Blog Article

Top RIA Compliance Deficiencies: Supervision

Oct 25, 2014

Of the 1,130 RIA firms examined in 2013, 16.7% of firms had at least one supervision-related investment adviser compliance deficiency.

In 2013, members of the North American Securities Administration Association (NASAA) performed coordinated state exams in examiners uncovered the top registered investment adviser (RIA) compliance deficiencies across 20 categories. Last week we discussed the deficiencies in fees, specifically issues with fees that don’t match client contracts or the Form ADV, miscalculated fees, and unreasonable fees.

In this week’s installment we’ll cover another common RIA compliance deficiency category: Supervision. The 2013 NASAA investment adviser examination report contains results from 1,130 investment advisory firms examined. In the supervision category, of all RIA firms examined, 16.7% of audits noted at least one deficiency. This figure is particularly notable due to the fact that supervision-related deficiencies were discovered in 30.2% of RIA firms audited in the 2011 NASAA investment adviser examination report. As such, there has been a fairly notable decline in supervision-related compliance deficiencies from 2011 to 2013.

According to the 2013 report, 18.0% of firms with less than $30 million in assets under management (AUM) had supervision-related deficiencies, compared to 15.1% of investment advisory firms with more than $30 million in AUM. Just under 20% of RIA firms audited for the first time had supervision-related deficiencies, which wasn’t far off from the approximately 20% of firms with a supervision-related deficiency that had been previously examined.

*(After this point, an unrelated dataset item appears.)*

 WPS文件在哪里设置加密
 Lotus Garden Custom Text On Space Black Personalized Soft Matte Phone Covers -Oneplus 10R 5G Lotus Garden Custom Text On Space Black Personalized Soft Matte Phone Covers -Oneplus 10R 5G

As stated earlier, 16.7% of investment advisory firms examined according to the 2013 NASAA report had supervision-related deficiencies. The Chief Compliance Officer (CCO) of each investment adviser firm should to be aware of the top supervision compliance deficiencies. In 2013, the top issues were:

  1. Failure to periodically assess and update policies and procedures (29.6%)
  2. Failure to follow procedures (29.1%)
  3. No procedures to prevent misuse of material nonpublic information (8.5%)
  4. Failure to avoid or mitigate conflicts of interest (3.7%)

In 20111, the top supervision-related issues were:

  1. Inadequate policies or procedures including business continuity plan (~40%)
  2. No policies or procedures (~32%)
  3. Other including personal trades, remote location supervision, etc. (~18%)
  4. Failure to follow procedures (~10%)

In order to ensure RIA firms continue to decrease the amount of supervision-related deficiencies, NASAA recommends firms prepare a written compliance and supervisory procedures manual relevant to the type of business including a business continuity plan which is assessed and update periodically. As RIA compliance consultants, we strongly encourage the CCO of every investment advisory firm to take a few minutes to not only review the firm’s current policies and procedures, but to also ensure that each policy and procedure is being properly followed throughout the firm.